Сегодня мы признаем гениальность художников и архитекторов – представителей левого искусства, их оригинальность и величие. Мы восхищаемся ранними советскими фотомонтажами Родченко и Лисицкого, в которых весь энтузиазм красной революции умещен на одном листе бумаги. Но их первоначальное послание не дошло до слушателя, которому предназначалось, – до всего народа России. Эту сложную преграду в общении им преодолеть не удалось. По их собственному признанию, они решали, чего должен хотеть народ, а не прислушивались к тому, чего он хочет на самом деле. Народ же, надо сказать, хотел владеть памятниками архитектуры, пышными украшениями и картинами в золоченых рамах, которыми обставляли свою жизнь прежние российские правители. Луначарский был прав, говоря: «Народ тоже имеет право на колоннады».
Общество художников-станковистов возродилось; члены его горячо отрицали тот факт, что живопись умерла. Архитекторы снова принялись нагружать здания декоративными элементами. Что касается диспута между «формалистами» и «реалистами», он из цивилизованного диалога выродился в поливание друг друга грязью, если не хуже. Татлин, выступая от имени конструктивистов, обычно говорил: «Материал – носитель содержания работы»; иными словами, предмет необычной, приковывающей взгляд формы, сделанный из стали и стекла, способен выразить жизненную силу машинного века. «Реалисты» отвечали, что это чушь; послание дойдет лишь до людей, которых предварительно к нему подготовили. Так стоит ли стараться? Для художника единственный способ воодушевить рабочих на сталелитейном заводе или в поле – написать их героическую борьбу реалистично; а единственный способ победить в этой игре фотоаппарат – придать фигурам вид более героический, чем на самом деле. Таковы были принципы соцреализма – стиля, который пришел на смену абстракции левых.

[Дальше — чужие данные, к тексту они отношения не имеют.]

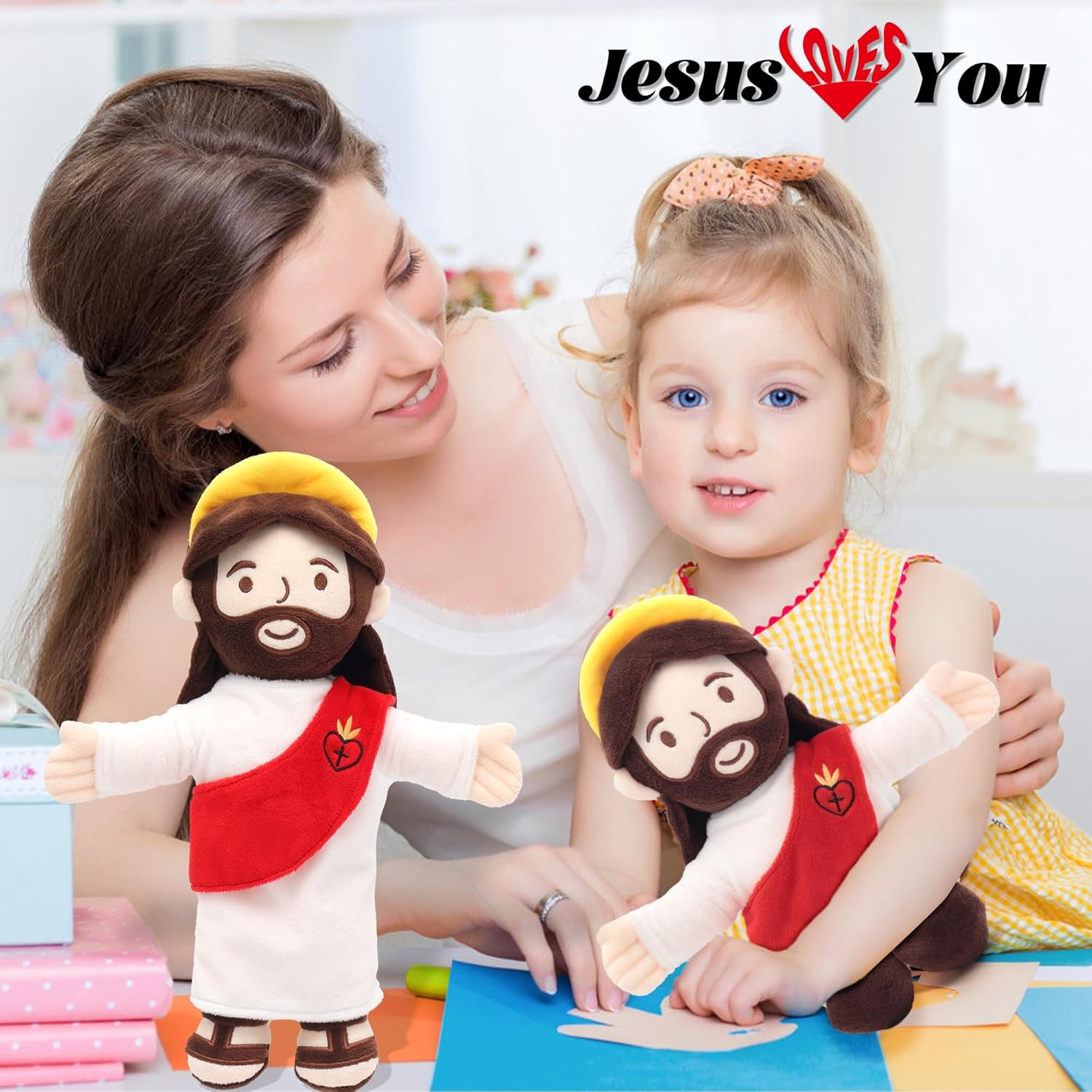 Yelakey Jesus Plush Jesus Stuffed Doll Christian Religious Plushie Toy for Kids Christmas Easter 13" Red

Как бы то ни было, «городская жизнь, преображенная ощущением скорости», левых вскоре разочаровала. В машине им начал видеться враг. Маяковский – добрый великан, носивший в верхнем кармане авторучки, чтобы показать, до чего он современен, – съездил в Америку, сказал, что она хороша для машин, но не для людей, и объявил амнистию Рембрандту, а затем пустил себе пулю в лоб. С его смертью в 1930 году стало ясно, что левому искусству конец. Его действительно задавила партия. Но кроме того, оно умерло от истощения.